Vacuum bulbs are used in electrical current-interrupter devices. A vacuum bulb is constituted by a cylinder of insulating material fitted with two facing electrical contacts. One of the contacts is stationary and the other is moving to enable the contacts to be separated or to be brought together. The contacts are connected to external conducting flanges placed on opposite faces of the bulb, which flanges enable electrical connections to be made with external lines or circuits.
The vacuum established inside the bulb provides the required dielectric strength and interrupting power in a small volume. However, it is necessary to provide a creepage distance outside the bulb of sufficient length to guarantee overall isolation between the contacts. Bulbs are then fitted with electrical insulators having fins in order to obtain creepage distances of sufficient length.
Such isolators are conventionally made of ceramics. An insulator is placed around a vacuum bulb between its flanges. The space between the bulb and the insulator is filled with a filler resin that must have very good adherence qualities and that must not shrink in order to avoid allowing a layer of air to form between the bulb and the resin or between the resin and the electrical insulator.
Ceramic insulators suffer from a certain number of drawbacks.
They are heavy, and above all they are brittle which makes them particularly sensitive to vandalism. When placed on the roof of a rail vehicle, their relatively large volume gives rise to drag.
As a replacement for ceramic material, it is known that a resin can be molded over a vacuum bulb to form an insulator. Appropriate resins include epoxies such as those sold under the trademark Araldite, after treatment to enable them to withstand ultraviolet radiation. However, such materials are also fragile, and in operation they require significant thicknesses, thereby giving rise to high weight.

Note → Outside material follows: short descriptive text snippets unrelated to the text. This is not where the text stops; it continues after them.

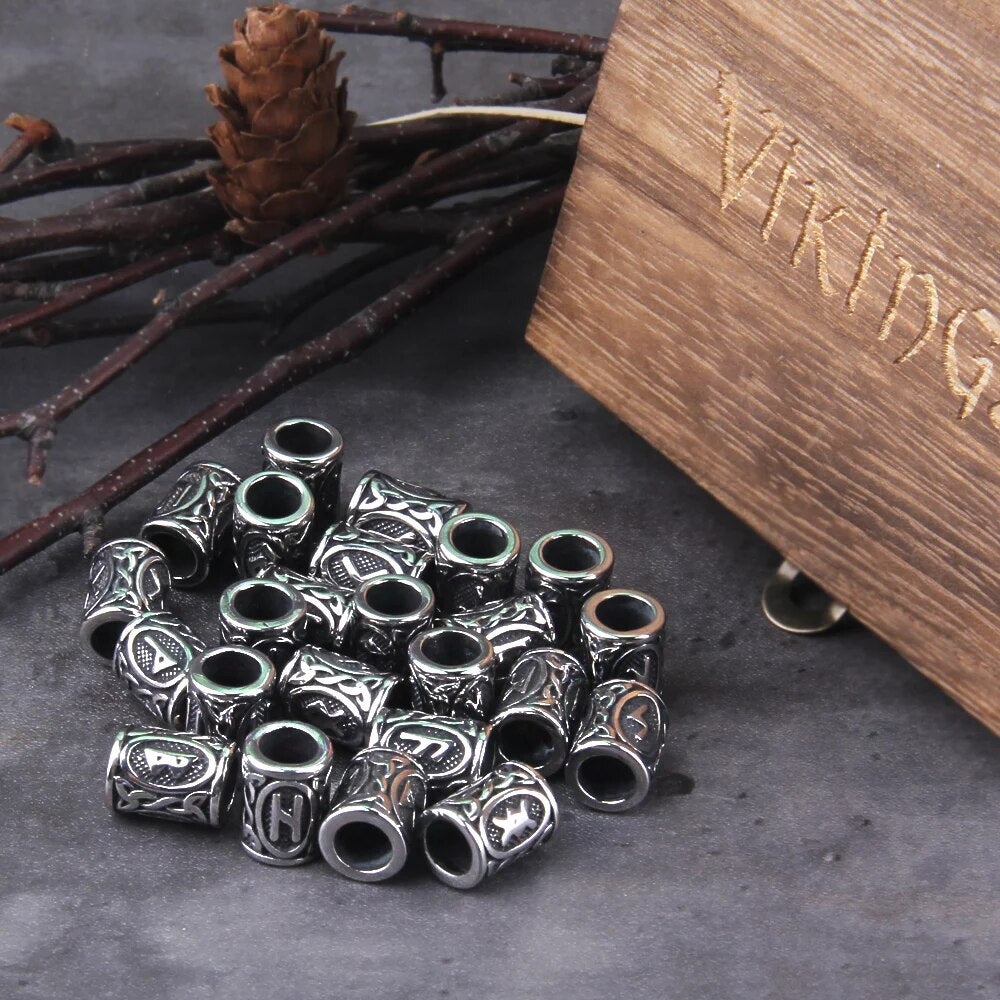 24Pcs Futhark Runes Viking Beads for Beards and Necklace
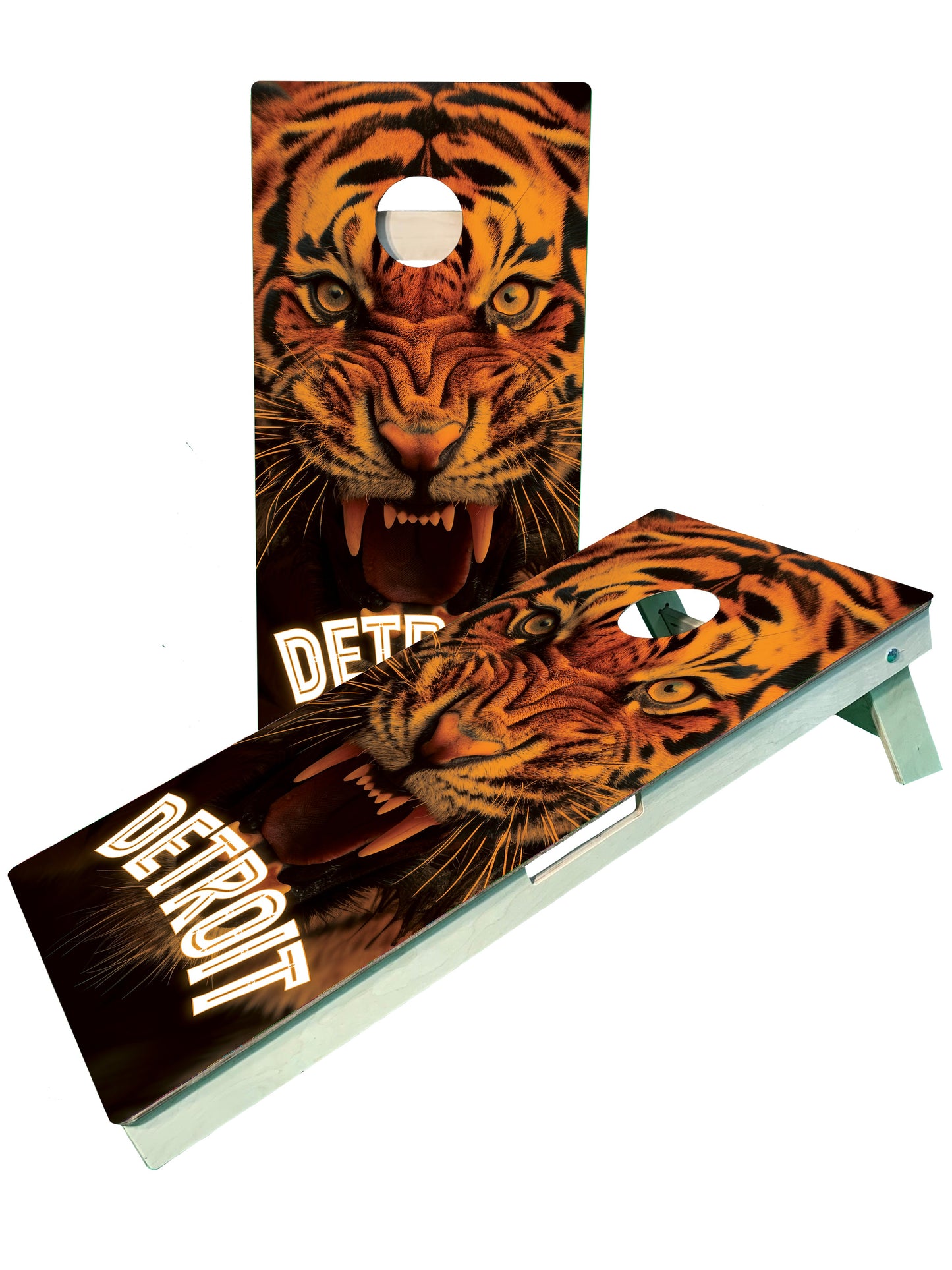 a close up of a cornhole game with a tiger on it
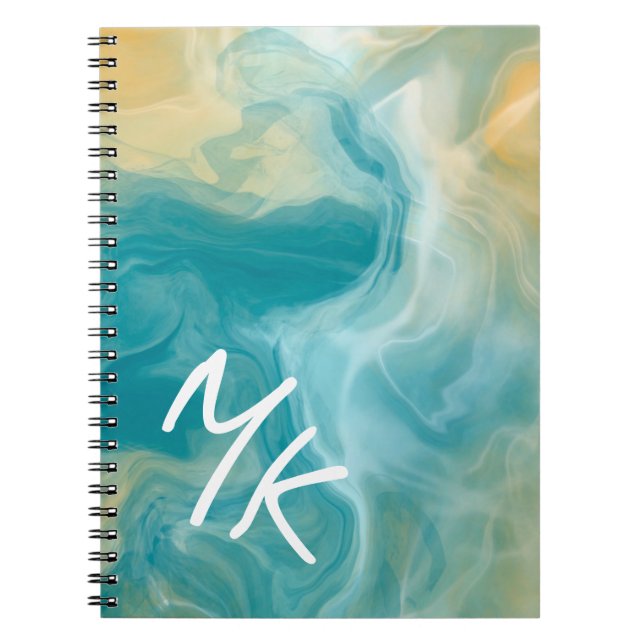 Cuaderno Arte Monogramado Sandy Brown Ocean Blue Fluid (Frente)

Document WO 91/06106, filed in the name of Raychem Limited, discloses a high tension insulator having a polymer core which provides it with good mechanical strength and which is protected on the outside by a sheath of heat-shrink polymer which is electrically insulating and which withstands leakage currents, said sheath being provided with fins on its outside surface.
To mitigate the drawbacks of prior art vacuum bulbs provided with electrical insulation, the present invention seeks to dispose electrically insulating heat-shrink substances such as those disclosed in WO 91/06106 directly on a vacuum bulb. Such substances provide very good shock resistance because they are flexible and they enable insulators to be obtained that are compact and light in weight.